Réactivité, indépendance et objectivité
Contrairement à un recrutement lambda, nulle période d’essai pour prendre tranquillement ses marques dans l’organisation et s’intégrer au sein des équipes. Ces hommes et femmes d’action se doivent d’être efficaces et opérationnels immédiatement. Leur challenge ? Prendre les rênes de la société en toute transparence et gagner la confiance des salariés en quelques jours seulement. Pour assurer la réussite de leurs missions, ils disposent d’une méthodologie bien rodée. Première étape : établir un audit. En dehors des jeux politiques et des querelles de pouvoir internes, ils ont les coudées franches pour remettre en cause les schémas préexistants et livrer à l’entreprise une vraie réflexion extérieure. “Les managers de transition n’ont ni passé ni avenir dans l’entreprise. Leur enjeu, contrairement à un CDD, n’est pas de se faire recruter à l’issue de leur mission. Ils ne recherchent pas les galons et les lauriers, ni à être complaisant. Ce qui les intéresse uniquement est d’emmener l’entreprise d’un point A à un point B. Ils sont focus à 100 % sur les problématiques de l’entreprise”, constate Benoît Durand-Tisnes.
À la différence des cabinets de conseils, ces acteurs du changement ne se contentent pas de formuler des préconisations. Ils conçoivent un plan d’action et mettent en œuvre des solutions, directement sur le terrain avec les équipes en place. “Ces professionnels sont des cap-horniers, capables de piloter par gros temps, et ils n’hésitent pas à mettre les mains dans le cambouis.
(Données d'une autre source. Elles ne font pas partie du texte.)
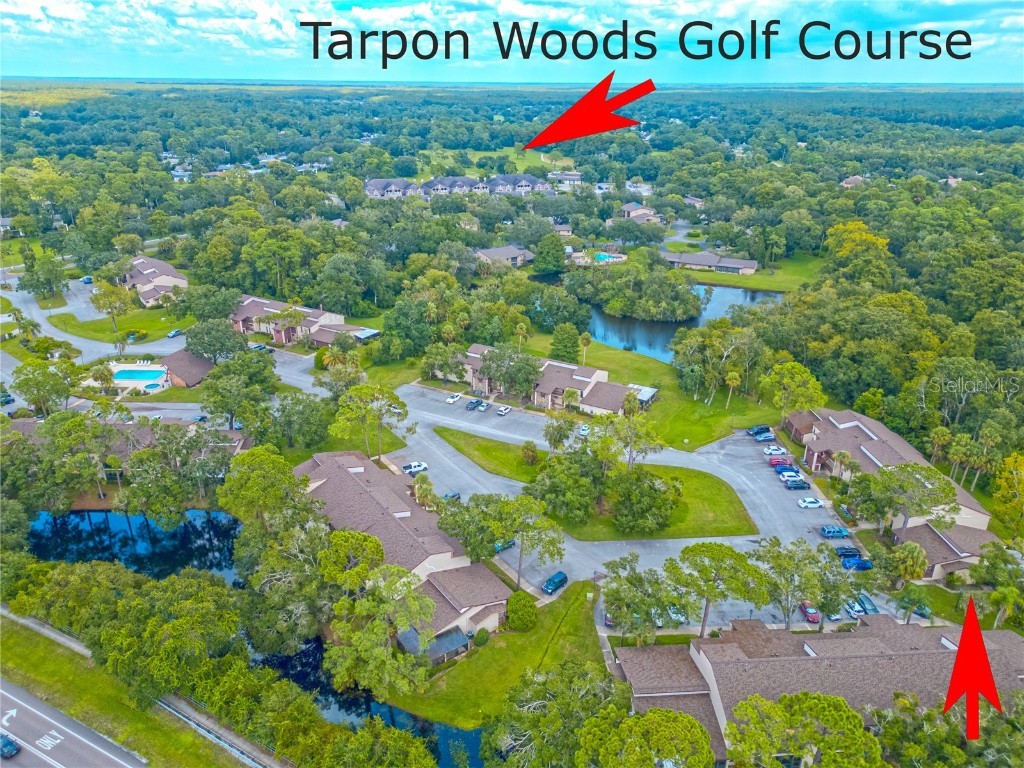 1200 Tarpon Woods Boulevard #P1 Palm Harbor FL 34685 TB8423219 image7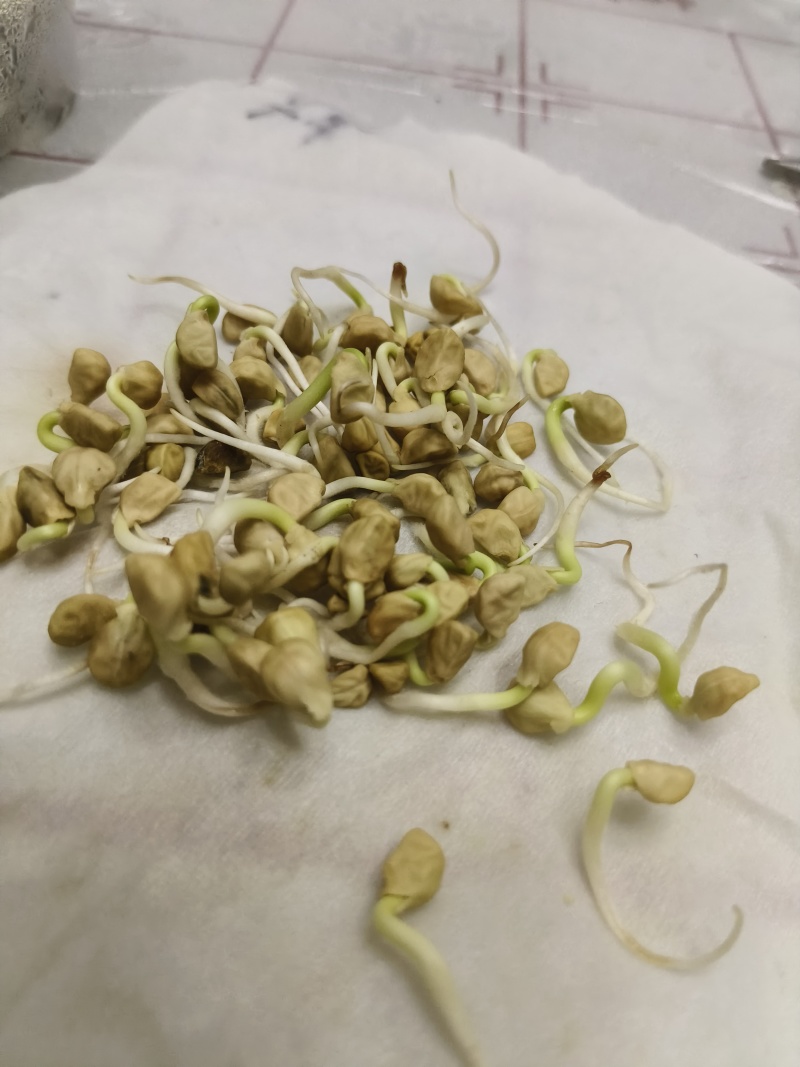 出售新产白丑种子牵牛花种子花卉种子多年生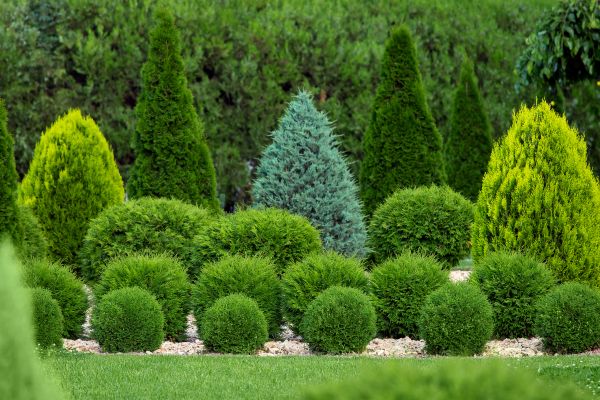 Shrub Replacement in Sun City West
Ils prennent des décisions rapidement et les appliquent en gardant la tête froide dans des contextes tendus, estime Benoît Durand-Tisnes. Ces cadres sont orientés vers la culture du résultat et l’engagement opérationnel. Ce sont des contributeurs à part entière.” Enfin, une dernière phase est vitale : le passage de témoin. Avant leur départ, les managers de transition transmettent leurs savoirs, leurs pratiques et toutes informations utiles sur leur projet aux collaborateurs, et plus encore à leur successeur. Bien que l’expertise d’un manager de transition se monnaie au prix fort, avec des journées facturées entre 1 000 et 1 500 euros, les bénéfices d’un tel recours perdurent bien au-delà du cadre de leur mission. La pérennité de la société sera garantie sur le long terme.